Since its establishment in 1998, UCSB’s Palm Center has been regarded as a key source of information and research about the DADT policy and its effects, delivering briefings for several military organizations cited on the center’s website. Most recently, the center released a study in May which said the president could end the policy with an executive order.
Since then, however, Defense Secretary Robert Gates has said that the Pentagon would attempt through administrative action to make DADT “more flexible until the law is changed,” throwing the onus of overturning the policy on the Congress. Obama echoed that view in a recent interview on CNN.
The history of DADT extends back to 1981 when a full ban on homosexual service personnel was instituted by the Department of Defense. In 1993, President Clinton commissioned a six-month study to investigate the effects of a potential repeal of the 1981 directive, but met with criticism from his Joint Chiefs of Staff and members of Congress, among other groups. What emerged was the compromise: “Don’t Ask, Don’t Tell, Don’t Pursue” aimed at allowing closeted homosexuals to serve, but requiring dismissal if evidence of homosexual conduct surfaced. This 1993 White House briefing shows that even top administration officials had difficulty describing the policy they were implementing.
Since then, nearly 13,000 gay service members have been dismissed under DADT, including a handful of invaluable Arabic translators. These factors have prompted a reexamination of the issue. Frank said that he believes the wording Secretary Gates chose in his statement could only indicate an eventual repeal of the 16 year old policy.
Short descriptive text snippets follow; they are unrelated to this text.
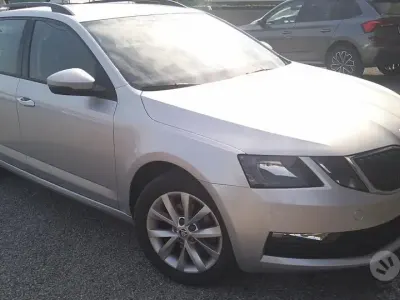 Usata Skoda Octavia 116 CV (85 kW) 2018 Grigio Station wagon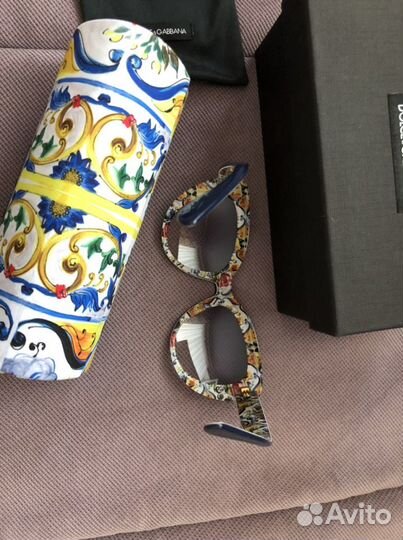 Очки женские dolce&gabana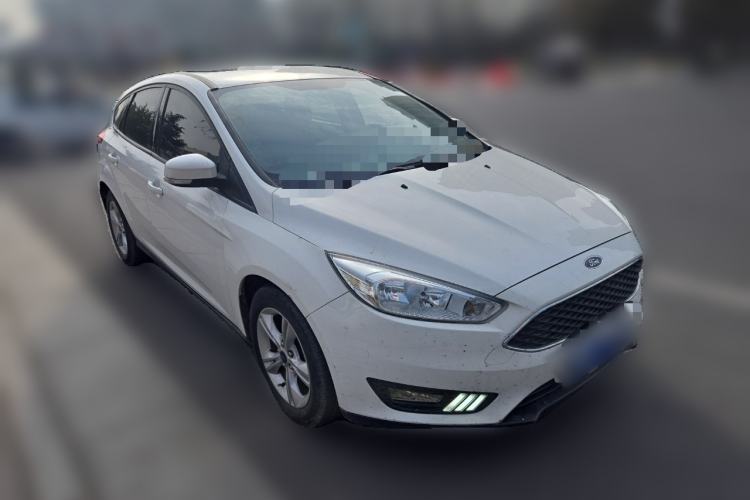 Used Ford Focus 2018 Hatchback Classic 1.6L Automatic Comfort Plus SmartDrive Edition
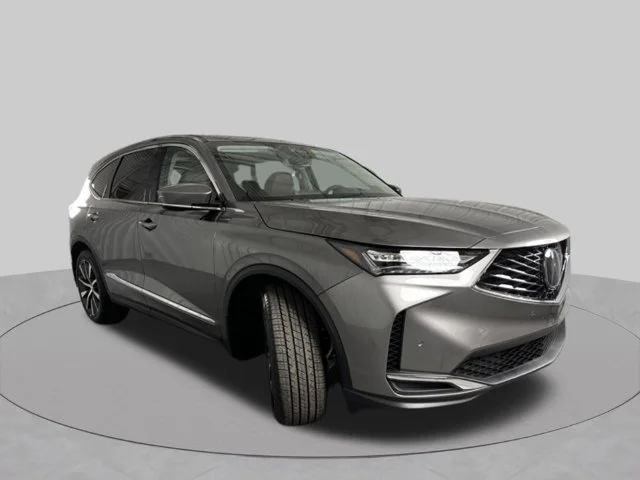 Used 2026 Black Acura Technology Package image 5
“It is interesting wording,” Frank said. “Most people know that the White House changed its website from ‘repeal the policy’ to ‘change to policy.’ It’s trying to buy itself some wiggle room, but I don’t know what change would mean in any long term way other than repeal. Gates and Obama are looking for a way to change the way the law is applied. In the case of the gay ban, any cracks in Humpty Dumpty are the beginning of the end.”
How other nation’s militaries handle it: The Associated Press recently published an article detailing the policies for openly gay personnel in comparable militaries around the world. It shows that some of our most prominent Western allies have maintained a policy of open service for at least a decade and have suffered no detriment either politically or logistically.
Britain, the only major partner in George W. Bush’s “Coalition of the Willing,” lifted their gay service ban in 1999, a decision embraced by then-Prime Minister Tony Blair. Australia’s servicemen and women marched beside peers and even a general in Sydney’s Gay and Lesbian Mardi Gras Parade, after nearly 17 years of being allowed to serve in their country’s military. Even Israel, protected by one of the most embattled militaries in the world, has allowed openly gay service since 1993.
Calbuzz asked Frank what was behind the difference between these and U.S. policies:
“The Christian right was the single most important variable in ensuring in 1993 that we didn’t have reform,” Frank said. “I don’t think there’s a comparable political constituency in any other westernized country. Israel has a conservative right but it hasn’t made homosexuality its cause célèbre.
“The Christian right advised their political advisors to say [openly gay service] would undermine the military because the national security frame would sell better. In addition to the moral and religious concerns which are unique to us, there is a large population here which is uncomfortable with homosexuality.”
Calbuzz intern Evan Wagstaff is Opinion Editor of The Daily Nexus newspaper at UCSB.